Testimony of the sort that came from Warner's committee last week is being buttressed by news stories in liberal outlets like Salon insisting that "Bernie Bros" were influenced by those same ubiquitous McDermott-chasing Russian "bots."
These stories insist that, among other things, these evil bots pushed on the unwitting "bros" juicy "fake news" stories about Hillary being "involved with various murders and money laundering schemes."
Some 13.2 million people voted for Sanders during the primary season last year. What percentage does any rational person really believe voted that way because of "fake news"?
I would guess the number is infinitesimal at best. The Sanders campaign was driven by a lot of factors, but mainly by long-developing discontent within the Democratic Party and enthusiasm for Sanders himself.
To describe Sanders followers as unwitting dupes who departed the true DNC faith because of evil Russian propaganda is both insulting and ridiculous. It's also a testimony to the remarkable capacity for self-deception within the leadership of the Democratic Party.
If the party's leaders really believe that Russian intervention is anywhere in the top 100 list of reasons why some 155 million eligible voters (out of 231 million) chose not to pull a lever for Hillary Clinton last year, they're farther along down the Purity of Essence nut-hole than Mark Warner.
Moreover, even those who detest Trump with every fiber of their being must see the dangerous endgame implicit in this entire line of thinking. If the Democrats succeed in spreading the idea that straying from the DNC-approved candidate – in either the past or the future – is/was an act of "unwitting" cooperation with the evil Putin regime, then the entire idea of legitimate dissent is going to be in trouble.
Imagine it's four years from now (if indeed that's when we have our next election). A Democratic candidate stands before the stump, and announces that a consortium of intelligence experts has concluded that Putin is backing the hippie/anti-war/anti-corporate opposition candidate.
Or, even better: that same candidate reminds us "what happened last time" when people decided to vote their consciences during primary season. It will be argued, in seriousness, that true Americans will owe their votes to the non-Putin candidate. It would be a shock if some version of this didn't become an effective political trope going forward.
But if you're not worried about accusing non-believers of being spies, or pegging legitimate dissent as treason, there's a third problem that should scare everyone.

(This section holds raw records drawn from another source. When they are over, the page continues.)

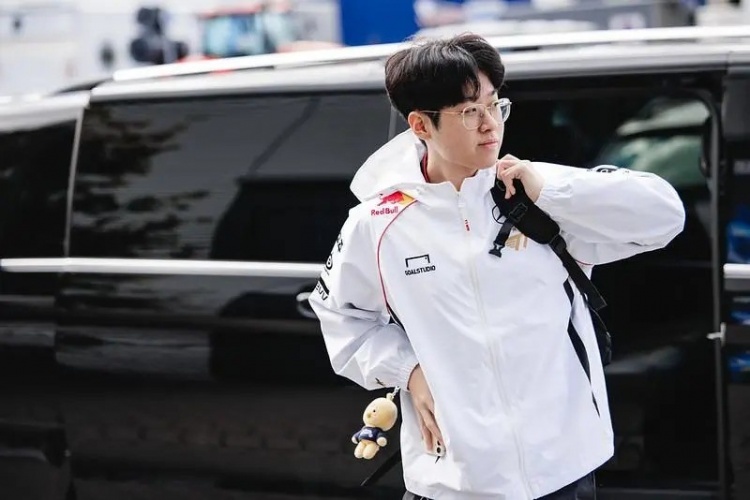 Zeus:现在比较流行可以打团且能分推的上单英雄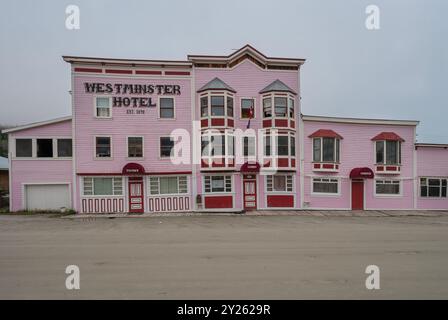 Dawson City, Yukon, Kanada – 27. August 2024 – das historische Westminster Hotel im Stadtzentrum Stockfoto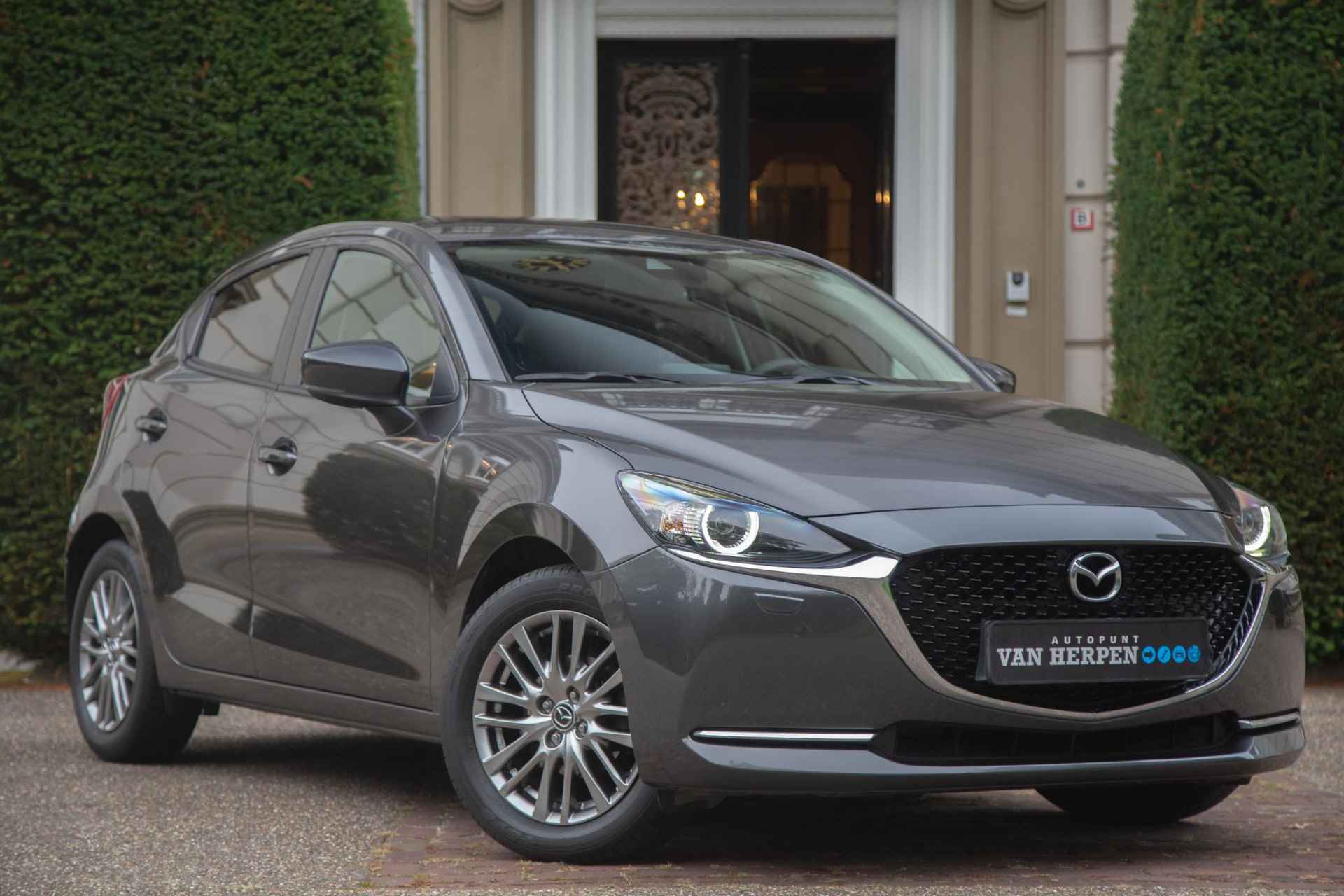 Mazda 2 1.5 Skyactiv-G Okinami Stoel- en stuurverw | Half leder | Dodehoeksens - 6/49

Last week saw Donna Brazile and Dick Cheney both declare Russia's apparent hack of DNC emails an "act of war." This coupling seemed at first like political end times: as Bill Murray would say, "dogs and cats, living together."
But there's been remarkable unanimity among would-be enemies in the Republican and Democrat camps on this question. Suddenly everyone from Speier to McCain to Kamala Harris to Ben Cardin have decried Russia's alleged behavior during the election as real or metaphorical acts of war: a "political Pearl Harbor," as Cardin put it.
That no one seems to be concerned about igniting a hot war with nuclear-powered Russia at a time when both countries have troops within "hand-grenade range" of each in Syria other is bizarre, to say the least. People are in such a fever to drag Trump to impeachment that these other considerations seem not to matter. This is what happens when people lose their heads.One would hope after an article like this finds some footing -- people actually read Taibbi, as opposed to the limited audience for the always excellent Robert Parry -- that the Democrats can pull themselves together. Too much longer in this direction and I don't think the party has much of a future.